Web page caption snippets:
========================

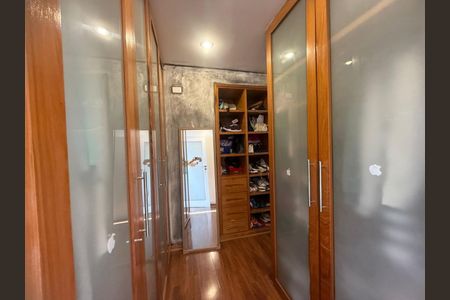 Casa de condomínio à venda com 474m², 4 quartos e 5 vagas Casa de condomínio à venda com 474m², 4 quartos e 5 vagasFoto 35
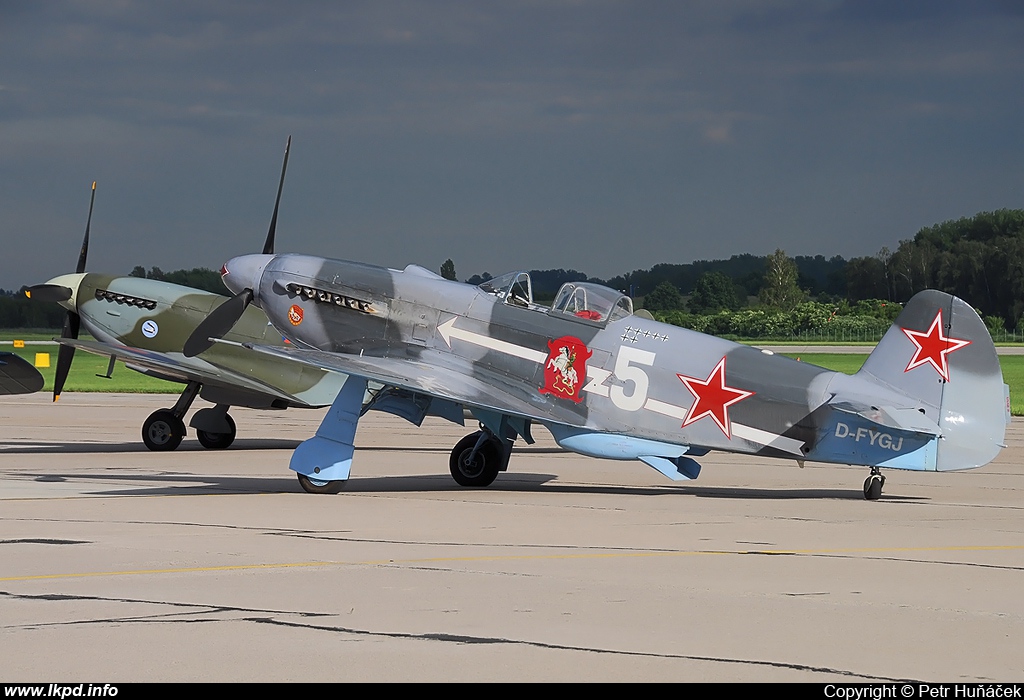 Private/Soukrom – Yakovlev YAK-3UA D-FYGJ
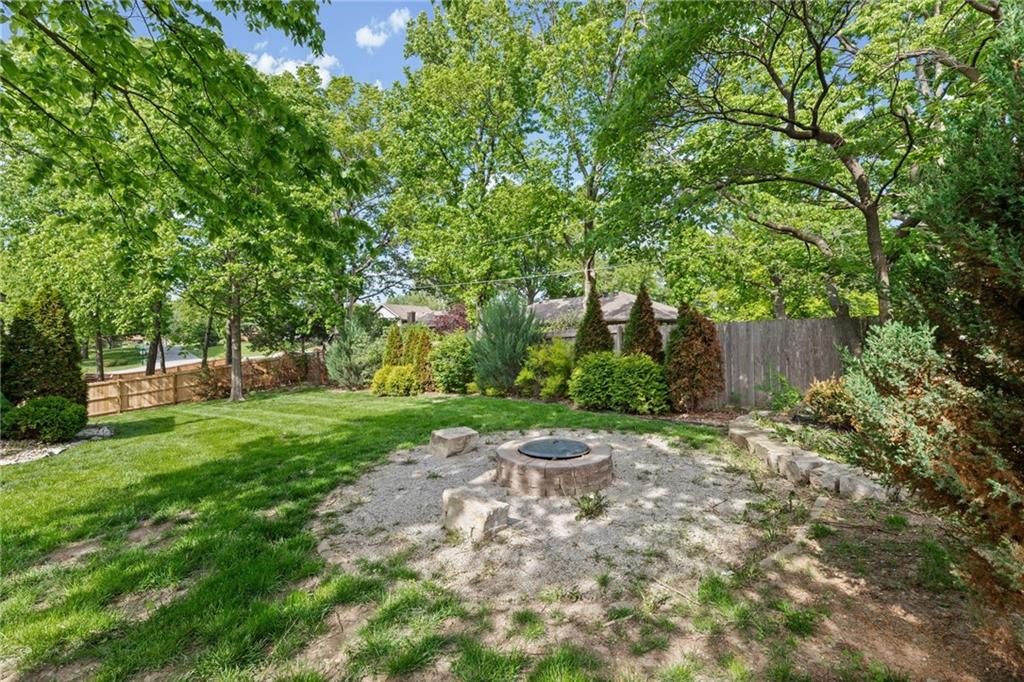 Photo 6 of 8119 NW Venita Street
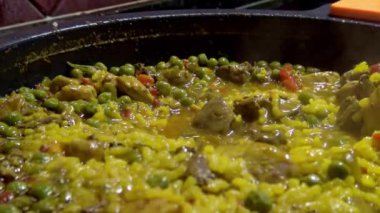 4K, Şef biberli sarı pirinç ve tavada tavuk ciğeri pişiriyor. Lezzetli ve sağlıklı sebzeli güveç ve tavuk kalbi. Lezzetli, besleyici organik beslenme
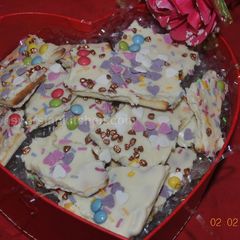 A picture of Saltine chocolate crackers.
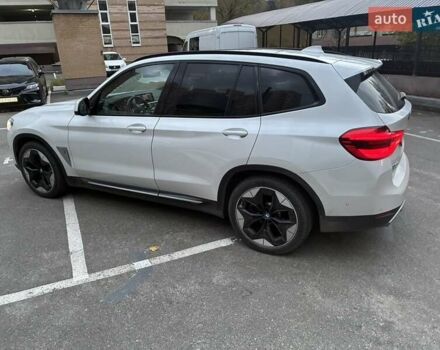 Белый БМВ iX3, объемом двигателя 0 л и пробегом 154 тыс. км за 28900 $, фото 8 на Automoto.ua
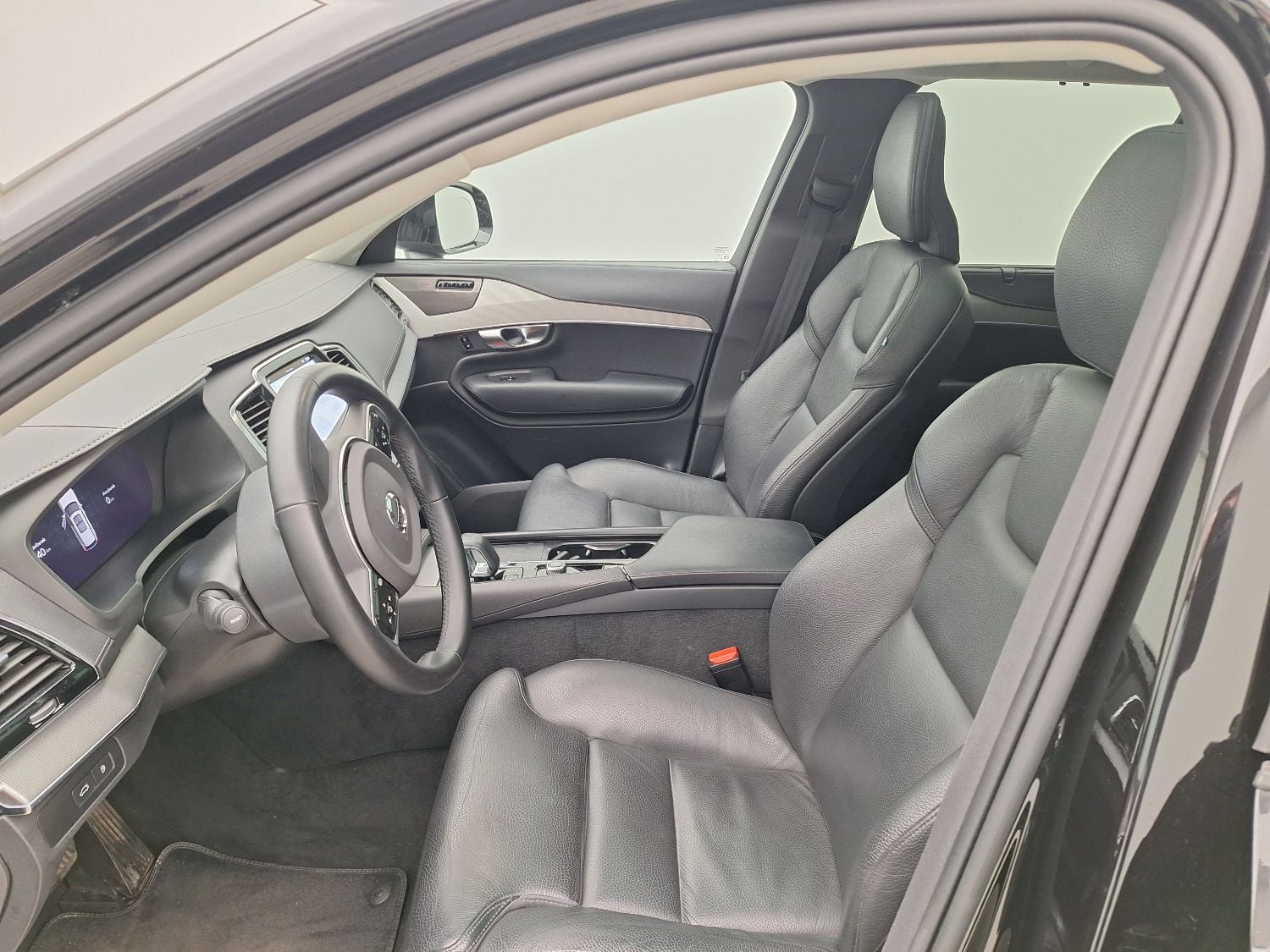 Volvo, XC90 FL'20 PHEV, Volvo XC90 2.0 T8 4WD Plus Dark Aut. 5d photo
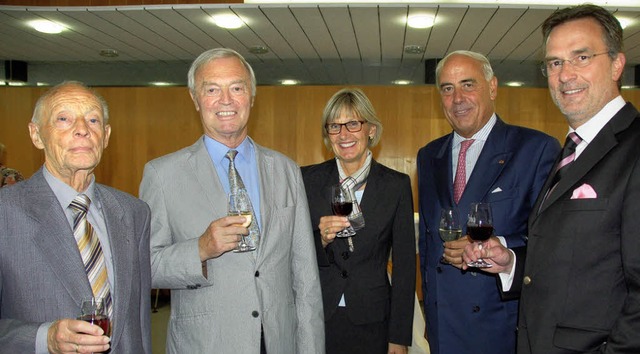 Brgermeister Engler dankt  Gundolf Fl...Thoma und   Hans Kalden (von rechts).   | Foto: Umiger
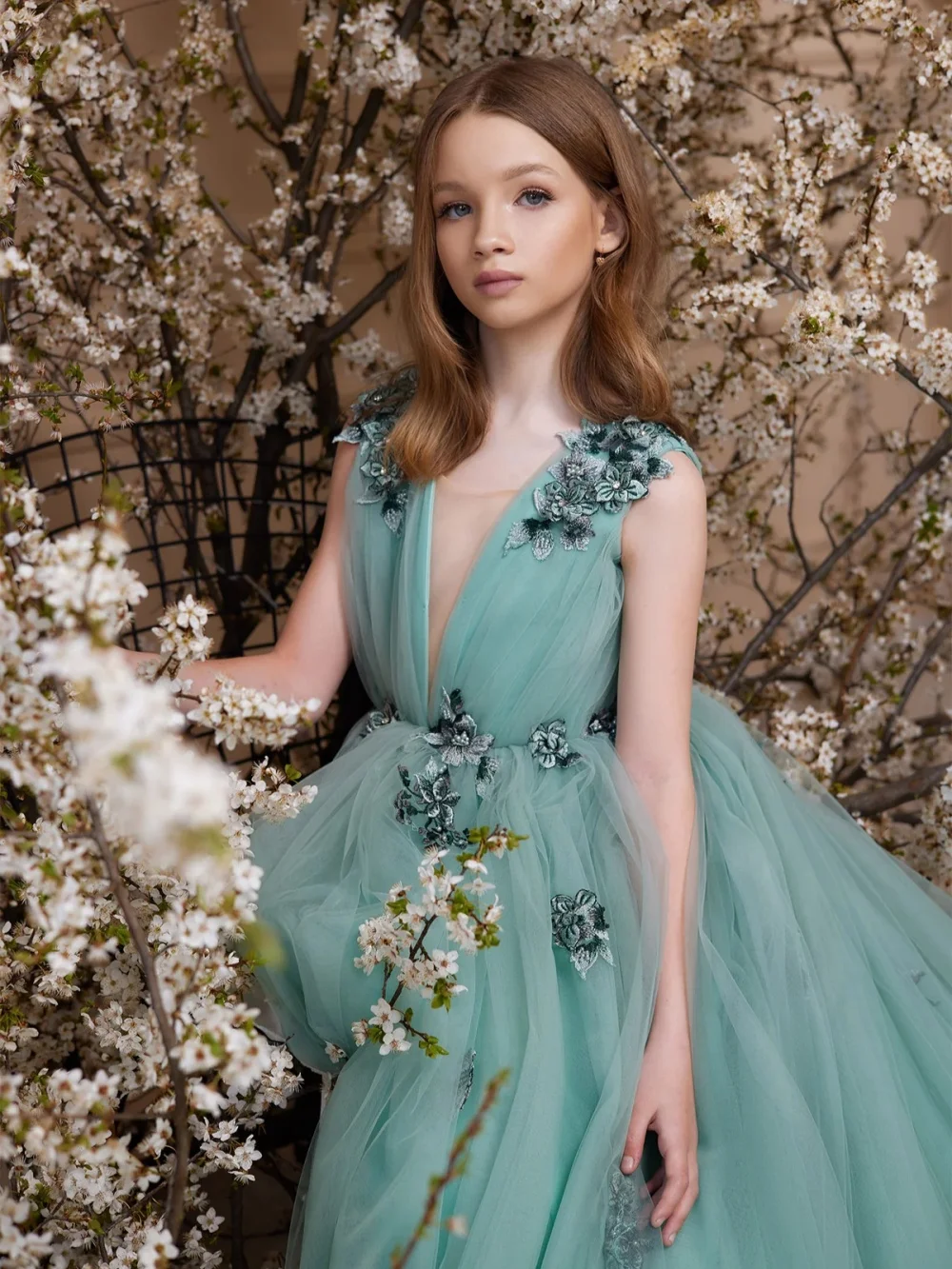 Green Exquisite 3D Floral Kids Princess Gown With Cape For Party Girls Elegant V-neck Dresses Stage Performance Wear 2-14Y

========================

Give again, word for word, the lines above from the one with "Белый БМВ iX3, объемом" through the final line of the data, both ends included. Do not copy any picture.

Solution to the exercise:
 Белый БМВ iX3, объемом двигателя 0 л и пробегом 154 тыс. км за 28900 $, фото 8 на Automoto.ua
 Volvo, XC90 FL'20 PHEV, Volvo XC90 2.0 T8 4WD Plus Dark Aut. 5d photo
 Brgermeister Engler dankt  Gundolf Fl...Thoma und   Hans Kalden (von rechts).   | Foto: Umiger
 Green Exquisite 3D Floral Kids Princess Gown With Cape For Party Girls Elegant V-neck Dresses Stage Performance Wear 2-14Y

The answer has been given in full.